Lawyer M Ravi ordered to pay Attorney-General S$10,000 in costs over death row prisoners' court application

SINGAPORE: A High Court judge on Tuesday (Nov 30) ordered lawyer M Ravi to pay S$10,000 in personal costs to the Attorney-General over a court application for 13 former and current prisoners on death row.

Mr Ravi had filed an originating summons to commence judicial review proceedings on behalf of former death row prisoner Gobi Avedian and 12 other death row prisoners.

The twelve are: Syed Suhail Syed Zin, Datchinamurthy Kataiah, Hamzah Ibrahim, Iskandar Rahmat, Saminathan Selvaraju, Rosman Abdullah, Roslan Bakar, Masoud Rahimi Mehrzad, Zamri Mohd Tahir, Pannir Selvam Pranthaman, Tan Kay Yong and Ramdhan Lajis.

The 12 men face hanging for drug trafficking, except for Iskandar, who was convicted of murder in the Kovan double murders. Gobi's death sentence was set aside after a successful criminal review application to the Court of Appeal.

In the court application, Mr Ravi named the Attorney-General as the defendant, but later informed the judge at the start of the hearing that he wished to withdraw his application in its entirety.

Usually, the plaintiffs would bear the defendant's costs, but counsel for the Attorney-General, Senior Counsel Tan Chee Meng, asked for Mr Ravi to pay the costs personally.

Mr Ravi protested and described this as a "threat" against him, vowing to report Mr Tan to the Law Society of Singapore for "unprofessional conduct".

In a written judgment, Justice Ang Cheng Hock said it would serve the ends of justice for Mr Ravi to personally bear the costs of the defendant, and that it would not be fair for the 13 prisoners to bear the costs.

"I find that Mr Ravi's conduct led to an unnecessary waste of costs and time by the defendant's counsel," said Justice Ang.

He added that Mr Ravi "would have known that the originating summons was wholly unmeritorious in the first place".

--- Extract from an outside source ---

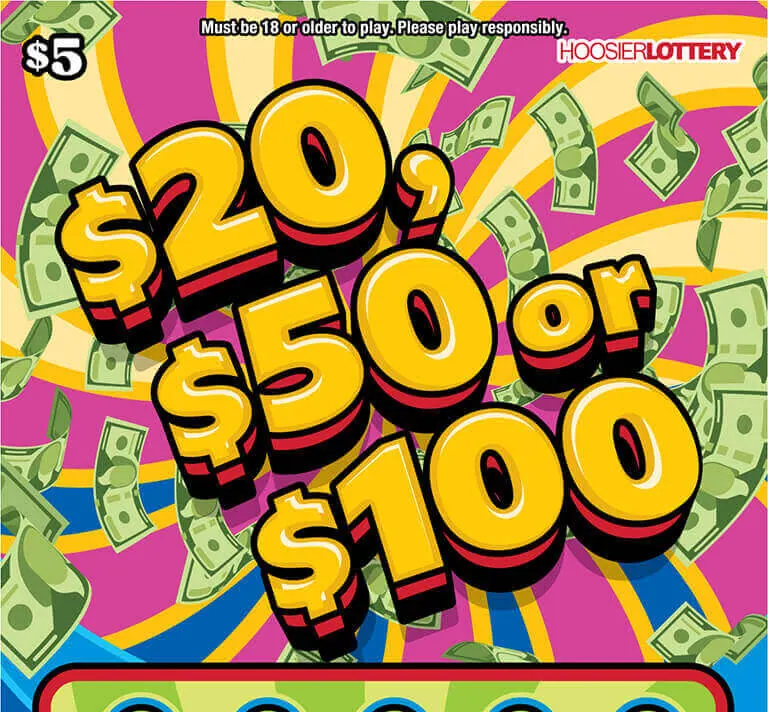 $20, $50 Or $100 $5 Indiana scratch-off ticket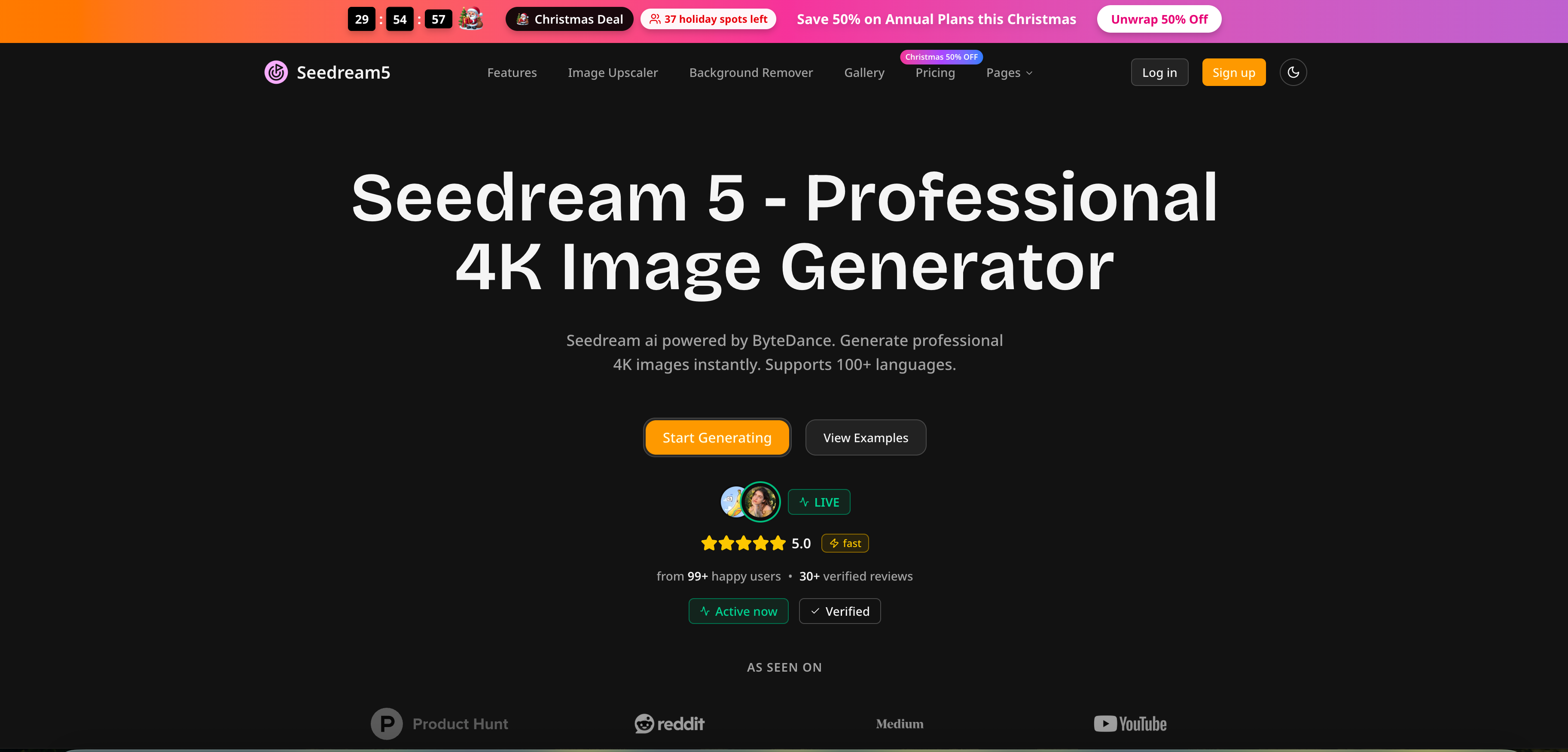 AI-powered image generator creating professional 4K visuals in seconds, powered by ByteDance technology.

The lawyer was given a chance to ameliorate the situation, but spurned two opportunities to give timely notice that the plaintiffs would unconditionally discontinue their court application, said the judge.

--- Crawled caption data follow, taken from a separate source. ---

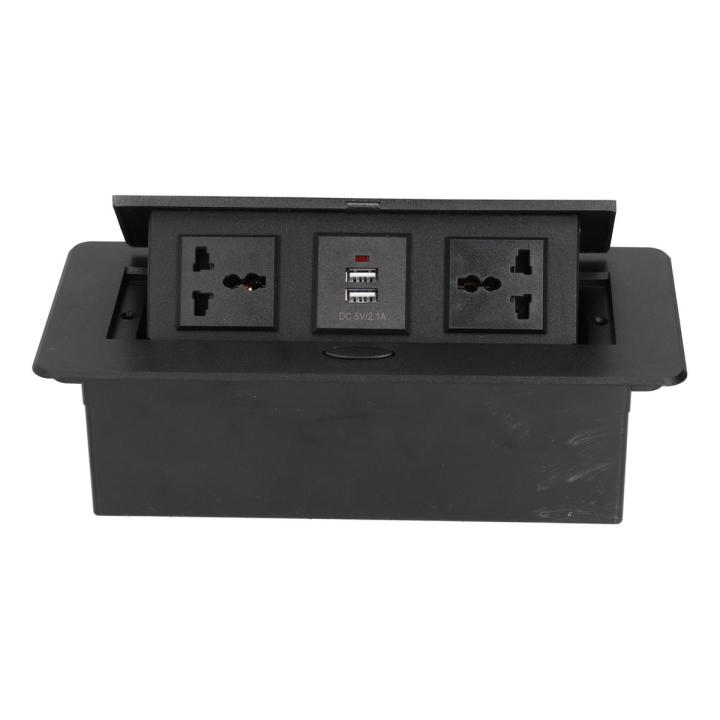 Table Pop Up Socket Dual USB Power Outlet Strip Hub Connection Box 250V J29 for Home Office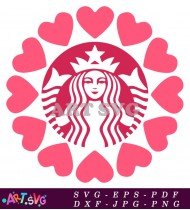 Starbucks Coffee Logo Design Pink Vector Graphics SVG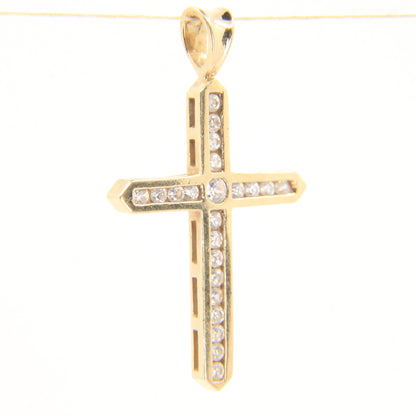 Vintage 9ct Hallmarked Gold Cross Pendant Cubic Zirconia CZ Charm Gift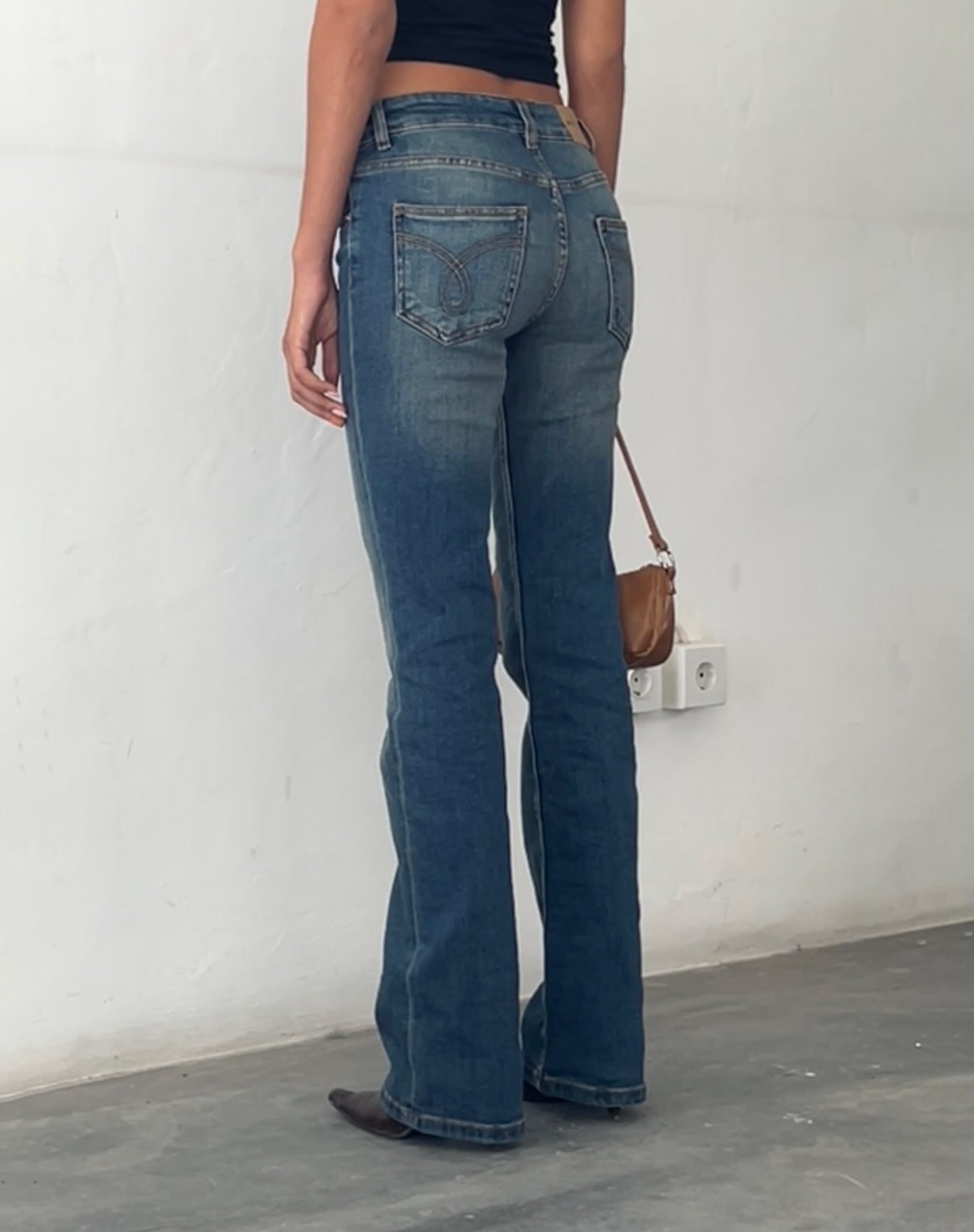 image of Low Rise Bootleg Jeans in Mid Vintage Blue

He said Mr Ravi's conduct was "plainly unreasonable", describing how the lawyer filed a court application despite knowing that the plaintiffs had no basis for obtaining the orders they sought.

"Given Mr Ravi's years of experience in dealing with judicial review matters ... he would have known that the ... sets of reliefs prayed for in the originating summons were procedurally unsustainable as a matter of law," said Justice Ang.

This latest development comes days after the Law Society said it was closely monitoring matters relating to Mr Ravi, after his behaviour in a trial made headlines and caused his client to replace him with Lim Tean.